= Mungo Lewis =

Canadian politician

Mungo Turnbull Lewis (November 13, 1894 – January 12, 1969) was a politician in Manitoba, Canada. He served in the Legislative Assembly of Manitoba from 1936 to 1945.

==Early life and career==

Lewis was born at Rhyl, in North Wales. His family moved to Canada in 1906, and settled in Stonewall, Manitoba. Lewis received his early education in these communities, and was granted a Doctor of Veterinary Medicine degree from St. Joseph's Veterinary College in St. Joseph, Missouri in 1923. He returned to Stonewall to practise as a veterinarian, and later served as Manitoba's provincial veterinarian from 1929 to 1932.

==Legislator==

Lewis was elected to the Manitoba legislature in the 1936 provincial election as a Conservative, defeating Liberal-Progressive incumbent William C. McKinnell by 383 votes in Rockwood.
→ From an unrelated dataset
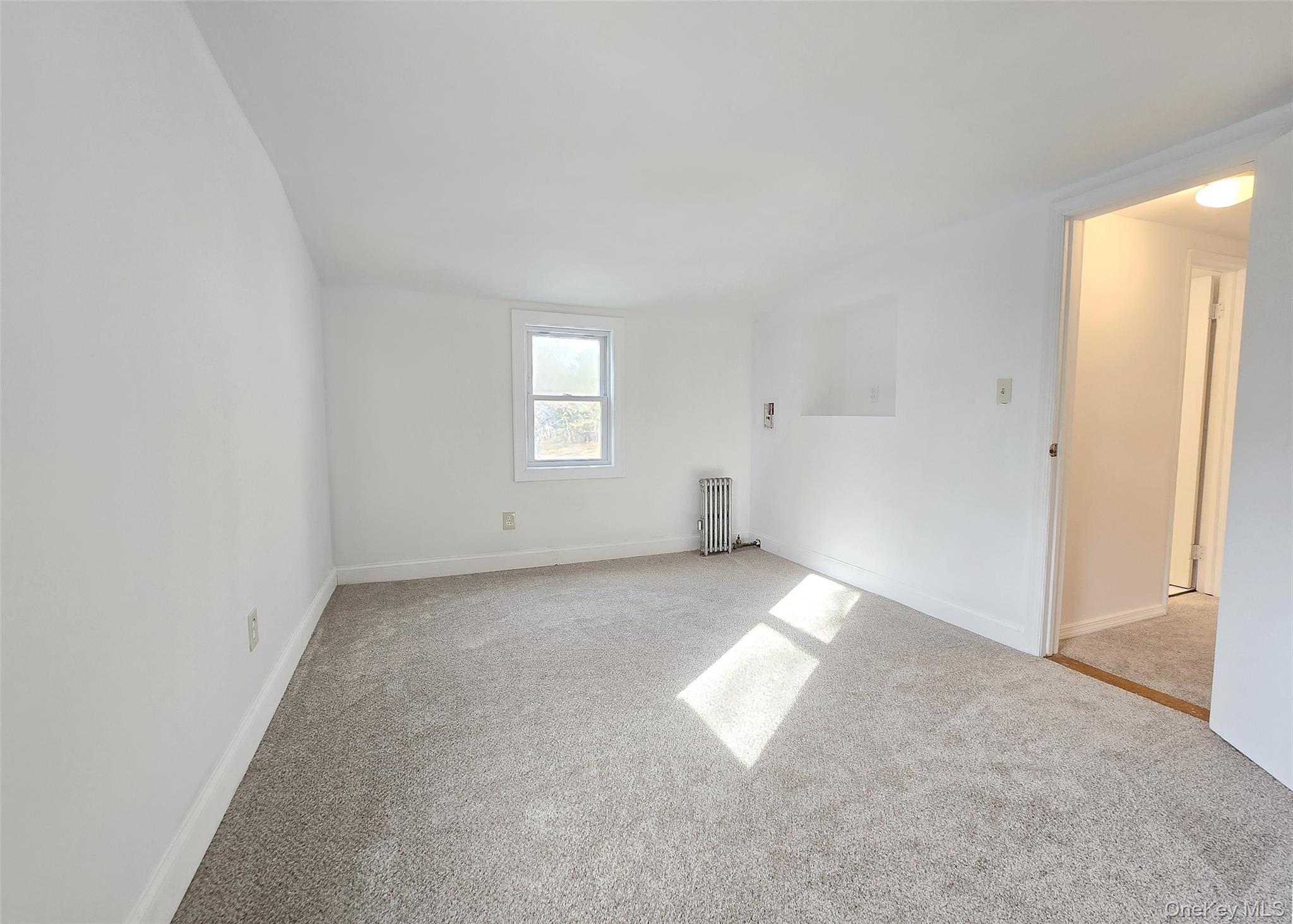 585 Pulaski Road Kings Park, NY 11754 - Photo 19 of 28 an empty room with windows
The Liberal-Progressives formed a minority government after the election, and Lewis served with his party on the opposition benches.

The Conservatives joined the Liberal-Progressives in a coalition government in 1940, and in this manner Lewis became a backbench supporter of John Bracken's administration. He was re-elected in the 1941 provincial election as a pro-coalition independent, and later aligned with the Liberal-Progressives. He was defeated in the 1945 provincial election, losing to Progressive Conservative candidate W.J. Campbell by 298 votes.

==After politics==

Lewis established a veterinary practice in Winnipeg during his legislative career, and continued to practise in the city after leaving political life. He died on January 12, 1969.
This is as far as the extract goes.